(Stored entries)
_____
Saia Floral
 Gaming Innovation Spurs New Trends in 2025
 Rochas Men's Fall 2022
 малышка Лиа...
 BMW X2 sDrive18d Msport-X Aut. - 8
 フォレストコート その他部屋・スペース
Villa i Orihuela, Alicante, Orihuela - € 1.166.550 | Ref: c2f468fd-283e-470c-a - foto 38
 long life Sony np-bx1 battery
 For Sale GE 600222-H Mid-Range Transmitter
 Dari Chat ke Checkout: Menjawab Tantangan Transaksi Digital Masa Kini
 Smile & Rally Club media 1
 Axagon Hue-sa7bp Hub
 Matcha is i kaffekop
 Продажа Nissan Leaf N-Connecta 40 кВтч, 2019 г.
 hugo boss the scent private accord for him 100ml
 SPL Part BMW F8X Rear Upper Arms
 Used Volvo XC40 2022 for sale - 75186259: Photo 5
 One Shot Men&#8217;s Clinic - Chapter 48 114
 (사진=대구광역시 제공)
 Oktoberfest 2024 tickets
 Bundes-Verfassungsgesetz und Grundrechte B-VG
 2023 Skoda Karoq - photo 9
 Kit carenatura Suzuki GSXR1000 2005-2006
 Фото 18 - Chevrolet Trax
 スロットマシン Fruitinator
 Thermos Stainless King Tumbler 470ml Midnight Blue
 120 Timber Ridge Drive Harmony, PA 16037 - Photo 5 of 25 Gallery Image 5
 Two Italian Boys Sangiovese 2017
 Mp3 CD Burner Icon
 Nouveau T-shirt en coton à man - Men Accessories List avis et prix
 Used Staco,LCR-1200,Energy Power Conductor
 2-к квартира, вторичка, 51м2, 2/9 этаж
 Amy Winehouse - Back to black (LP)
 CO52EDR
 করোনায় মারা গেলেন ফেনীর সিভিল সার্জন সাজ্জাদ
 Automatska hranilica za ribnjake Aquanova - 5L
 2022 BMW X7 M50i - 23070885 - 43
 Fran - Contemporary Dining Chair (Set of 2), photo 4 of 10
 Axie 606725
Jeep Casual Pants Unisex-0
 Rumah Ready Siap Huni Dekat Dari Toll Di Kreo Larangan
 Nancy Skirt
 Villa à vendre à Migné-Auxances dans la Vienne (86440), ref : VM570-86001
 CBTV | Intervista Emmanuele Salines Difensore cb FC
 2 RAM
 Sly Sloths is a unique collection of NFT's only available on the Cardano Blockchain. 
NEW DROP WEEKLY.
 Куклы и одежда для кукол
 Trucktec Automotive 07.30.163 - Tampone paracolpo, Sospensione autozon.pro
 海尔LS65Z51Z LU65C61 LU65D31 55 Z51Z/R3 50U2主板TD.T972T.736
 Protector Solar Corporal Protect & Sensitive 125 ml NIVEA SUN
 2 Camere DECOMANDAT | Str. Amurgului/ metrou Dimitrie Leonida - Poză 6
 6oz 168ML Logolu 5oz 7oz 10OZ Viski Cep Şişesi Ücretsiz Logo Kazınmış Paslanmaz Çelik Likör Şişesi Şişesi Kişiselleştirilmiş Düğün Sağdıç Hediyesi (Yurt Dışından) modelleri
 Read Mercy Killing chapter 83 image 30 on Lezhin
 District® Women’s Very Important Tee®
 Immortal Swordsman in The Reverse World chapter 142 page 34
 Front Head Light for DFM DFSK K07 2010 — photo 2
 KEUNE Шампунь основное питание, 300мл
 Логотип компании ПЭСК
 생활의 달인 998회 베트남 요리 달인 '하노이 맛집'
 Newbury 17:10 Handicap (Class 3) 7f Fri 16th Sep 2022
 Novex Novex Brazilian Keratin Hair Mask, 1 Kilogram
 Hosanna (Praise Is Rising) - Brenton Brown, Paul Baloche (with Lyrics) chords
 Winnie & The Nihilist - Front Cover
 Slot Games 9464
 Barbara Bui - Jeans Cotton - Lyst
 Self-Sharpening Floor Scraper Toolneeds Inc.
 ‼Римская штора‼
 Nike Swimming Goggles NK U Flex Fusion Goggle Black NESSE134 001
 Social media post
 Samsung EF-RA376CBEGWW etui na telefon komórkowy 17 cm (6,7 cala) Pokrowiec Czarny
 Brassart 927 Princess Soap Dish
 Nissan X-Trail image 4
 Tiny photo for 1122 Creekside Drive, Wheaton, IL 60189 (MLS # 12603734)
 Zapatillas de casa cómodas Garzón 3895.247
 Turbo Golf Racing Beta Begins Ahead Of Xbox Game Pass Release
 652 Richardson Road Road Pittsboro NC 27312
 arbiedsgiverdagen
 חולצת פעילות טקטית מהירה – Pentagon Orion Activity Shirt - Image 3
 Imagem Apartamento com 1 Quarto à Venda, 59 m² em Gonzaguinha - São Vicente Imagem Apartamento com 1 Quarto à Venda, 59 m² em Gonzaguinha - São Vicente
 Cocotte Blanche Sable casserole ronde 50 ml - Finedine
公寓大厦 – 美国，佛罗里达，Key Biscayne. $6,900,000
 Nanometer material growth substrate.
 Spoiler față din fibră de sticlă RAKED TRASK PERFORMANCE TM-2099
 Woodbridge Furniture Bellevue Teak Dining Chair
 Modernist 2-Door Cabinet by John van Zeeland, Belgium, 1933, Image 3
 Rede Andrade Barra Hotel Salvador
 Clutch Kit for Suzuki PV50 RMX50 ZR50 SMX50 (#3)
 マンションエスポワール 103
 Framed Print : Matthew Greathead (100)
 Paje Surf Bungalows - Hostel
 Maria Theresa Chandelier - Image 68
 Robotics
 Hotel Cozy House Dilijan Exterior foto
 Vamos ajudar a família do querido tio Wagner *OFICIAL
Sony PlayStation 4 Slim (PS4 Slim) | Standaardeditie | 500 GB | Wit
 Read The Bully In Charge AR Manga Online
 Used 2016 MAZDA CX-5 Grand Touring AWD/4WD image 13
_____
> WORK TO COMPLETE:
Exact transcription of the records is all that is wanted.

> ANSWER TO THIS TASK:
Saia Floral
 Gaming Innovation Spurs New Trends in 2025
 Rochas Men's Fall 2022
 малышка Лиа...
 BMW X2 sDrive18d Msport-X Aut. - 8
 フォレストコート その他部屋・スペース
Villa i Orihuela, Alicante, Orihuela - € 1.166.550 | Ref: c2f468fd-283e-470c-a - foto 38
 long life Sony np-bx1 battery
 For Sale GE 600222-H Mid-Range Transmitter
 Dari Chat ke Checkout: Menjawab Tantangan Transaksi Digital Masa Kini
 Smile & Rally Club media 1
 Axagon Hue-sa7bp Hub
 Matcha is i kaffekop
 Продажа Nissan Leaf N-Connecta 40 кВтч, 2019 г.
 hugo boss the scent private accord for him 100ml
 SPL Part BMW F8X Rear Upper Arms
 Used Volvo XC40 2022 for sale - 75186259: Photo 5
 One Shot Men&#8217;s Clinic - Chapter 48 114
 (사진=대구광역시 제공)
 Oktoberfest 2024 tickets
 Bundes-Verfassungsgesetz und Grundrechte B-VG
 2023 Skoda Karoq - photo 9
 Kit carenatura Suzuki GSXR1000 2005-2006
 Фото 18 - Chevrolet Trax
 スロットマシン Fruitinator
 Thermos Stainless King Tumbler 470ml Midnight Blue
 120 Timber Ridge Drive Harmony, PA 16037 - Photo 5 of 25 Gallery Image 5
 Two Italian Boys Sangiovese 2017
 Mp3 CD Burner Icon
 Nouveau T-shirt en coton à man - Men Accessories List avis et prix
 Used Staco,LCR-1200,Energy Power Conductor
 2-к квартира, вторичка, 51м2, 2/9 этаж
 Amy Winehouse - Back to black (LP)
 CO52EDR
 করোনায় মারা গেলেন ফেনীর সিভিল সার্জন সাজ্জাদ
 Automatska hranilica za ribnjake Aquanova - 5L
 2022 BMW X7 M50i - 23070885 - 43
 Fran - Contemporary Dining Chair (Set of 2), photo 4 of 10
 Axie 606725
Jeep Casual Pants Unisex-0
 Rumah Ready Siap Huni Dekat Dari Toll Di Kreo Larangan
 Nancy Skirt
 Villa à vendre à Migné-Auxances dans la Vienne (86440), ref : VM570-86001
 CBTV | Intervista Emmanuele Salines Difensore cb FC
 2 RAM
 Sly Sloths is a unique collection of NFT's only available on the Cardano Blockchain. 
NEW DROP WEEKLY.
 Куклы и одежда для кукол
 Trucktec Automotive 07.30.163 - Tampone paracolpo, Sospensione autozon.pro
 海尔LS65Z51Z LU65C61 LU65D31 55 Z51Z/R3 50U2主板TD.T972T.736
 Protector Solar Corporal Protect & Sensitive 125 ml NIVEA SUN
 2 Camere DECOMANDAT | Str. Amurgului/ metrou Dimitrie Leonida - Poză 6
 6oz 168ML Logolu 5oz 7oz 10OZ Viski Cep Şişesi Ücretsiz Logo Kazınmış Paslanmaz Çelik Likör Şişesi Şişesi Kişiselleştirilmiş Düğün Sağdıç Hediyesi (Yurt Dışından) modelleri
 Read Mercy Killing chapter 83 image 30 on Lezhin
 District® Women’s Very Important Tee®
 Immortal Swordsman in The Reverse World chapter 142 page 34
 Front Head Light for DFM DFSK K07 2010 — photo 2
 KEUNE Шампунь основное питание, 300мл
 Логотип компании ПЭСК
 생활의 달인 998회 베트남 요리 달인 '하노이 맛집'
 Newbury 17:10 Handicap (Class 3) 7f Fri 16th Sep 2022
 Novex Novex Brazilian Keratin Hair Mask, 1 Kilogram
 Hosanna (Praise Is Rising) - Brenton Brown, Paul Baloche (with Lyrics) chords
 Winnie & The Nihilist - Front Cover
 Slot Games 9464
 Barbara Bui - Jeans Cotton - Lyst
 Self-Sharpening Floor Scraper Toolneeds Inc.
 ‼Римская штора‼
 Nike Swimming Goggles NK U Flex Fusion Goggle Black NESSE134 001
 Social media post
 Samsung EF-RA376CBEGWW etui na telefon komórkowy 17 cm (6,7 cala) Pokrowiec Czarny
 Brassart 927 Princess Soap Dish
 Nissan X-Trail image 4
 Tiny photo for 1122 Creekside Drive, Wheaton, IL 60189 (MLS # 12603734)
 Zapatillas de casa cómodas Garzón 3895.247
 Turbo Golf Racing Beta Begins Ahead Of Xbox Game Pass Release
 652 Richardson Road Road Pittsboro NC 27312
 arbiedsgiverdagen
 חולצת פעילות טקטית מהירה – Pentagon Orion Activity Shirt - Image 3
 Imagem Apartamento com 1 Quarto à Venda, 59 m² em Gonzaguinha - São Vicente Imagem Apartamento com 1 Quarto à Venda, 59 m² em Gonzaguinha - São Vicente
 Cocotte Blanche Sable casserole ronde 50 ml - Finedine
公寓大厦 – 美国，佛罗里达，Key Biscayne. $6,900,000
 Nanometer material growth substrate.
 Spoiler față din fibră de sticlă RAKED TRASK PERFORMANCE TM-2099
 Woodbridge Furniture Bellevue Teak Dining Chair
 Modernist 2-Door Cabinet by John van Zeeland, Belgium, 1933, Image 3
 Rede Andrade Barra Hotel Salvador
 Clutch Kit for Suzuki PV50 RMX50 ZR50 SMX50 (#3)
 マンションエスポワール 103
 Framed Print : Matthew Greathead (100)
 Paje Surf Bungalows - Hostel
 Maria Theresa Chandelier - Image 68
 Robotics
 Hotel Cozy House Dilijan Exterior foto
 Vamos ajudar a família do querido tio Wagner *OFICIAL
Sony PlayStation 4 Slim (PS4 Slim) | Standaardeditie | 500 GB | Wit
 Read The Bully In Charge AR Manga Online
 Used 2016 MAZDA CX-5 Grand Touring AWD/4WD image 13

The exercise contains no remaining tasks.